Cognitive Problems

Cognitive Problems can be assessed in care-recipients through the use of screening tools, brief cognitive evaluations, and full neuropsychological evaluations. These three categories offer different types of information that will be used in distinct ways.

1. Screening Tools

  • Designed for rapid administration across a population for the purpose of increasing the rate of problem identification
  • Can be completed quickly (5-30 minutes).
  • Do not produce a diagnosis. Produce a single score indicating whether there is any suggestion of a problem that warrants further evaluation.
  • Examples:
      - Folstein Mini-Mental Status Exam  
      - St. Louis University Mental Status (SLUMS)

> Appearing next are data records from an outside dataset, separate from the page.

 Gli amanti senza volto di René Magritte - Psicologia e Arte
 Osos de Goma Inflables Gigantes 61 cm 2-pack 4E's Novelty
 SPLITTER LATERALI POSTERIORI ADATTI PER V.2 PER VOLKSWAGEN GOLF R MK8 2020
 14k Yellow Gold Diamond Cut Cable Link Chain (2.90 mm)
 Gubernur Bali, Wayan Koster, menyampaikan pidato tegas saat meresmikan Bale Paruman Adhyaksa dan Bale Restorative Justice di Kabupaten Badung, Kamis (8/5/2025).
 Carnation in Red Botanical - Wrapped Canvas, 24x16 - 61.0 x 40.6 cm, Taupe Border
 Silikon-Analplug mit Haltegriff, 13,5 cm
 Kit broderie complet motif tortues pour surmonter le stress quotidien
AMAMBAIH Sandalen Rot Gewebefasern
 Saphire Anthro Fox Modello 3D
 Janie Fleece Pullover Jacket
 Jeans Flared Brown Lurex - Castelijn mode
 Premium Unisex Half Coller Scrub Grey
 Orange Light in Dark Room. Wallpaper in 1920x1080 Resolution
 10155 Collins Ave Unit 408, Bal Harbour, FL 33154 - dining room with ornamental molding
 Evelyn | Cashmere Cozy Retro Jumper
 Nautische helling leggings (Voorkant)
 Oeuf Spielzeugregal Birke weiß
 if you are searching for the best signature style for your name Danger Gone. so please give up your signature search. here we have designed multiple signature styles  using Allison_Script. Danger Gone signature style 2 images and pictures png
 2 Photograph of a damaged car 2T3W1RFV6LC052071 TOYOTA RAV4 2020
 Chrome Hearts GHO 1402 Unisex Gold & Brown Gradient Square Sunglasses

2. Brief Cognitive Evaluations

  • Provide more detailed information than a screening tool, but still do not offer diagnostic information.
  • Developed to assess a range of cognitive skills and thus offer information about the cognitive domains in which problems appear evident.
  • Used when a full neuropsychological evaluation is not feasible (e.g., due to medical illness that precludes longer evaluations) or when documenting changes in specific cognitive domains is more important than arriving at a diagnosis.
  • Examples: 
      - Cognistat  
      - Mattis Dementia Rating Scale 

3. Neuropsychological Evaluation

  • Appropriate level of evaluation for diagnosis and treatment planning.
  • Takes the examiner several hours to conduct interviews with patient and caregivers, review medical reports, and administer face-to-face testing of all domains of cognition.
  • Multiple sub-domains are evaluated within each major domain, then compared against appropriate norms, analyzed in the context of known medical conditions that can influence performance, and interpreted in light of a referral question (e.g., assistance with diagnosis, determination of capacity to make medical decisions).
  • Treatment plans can build on information about cognitive strengths and weaknesses in particular cognitive domains to guide the caregiver and care-recipient in selecting or adapting environments, maximizing interpersonal communication strategies, and selecting assistive technologies to foster independence.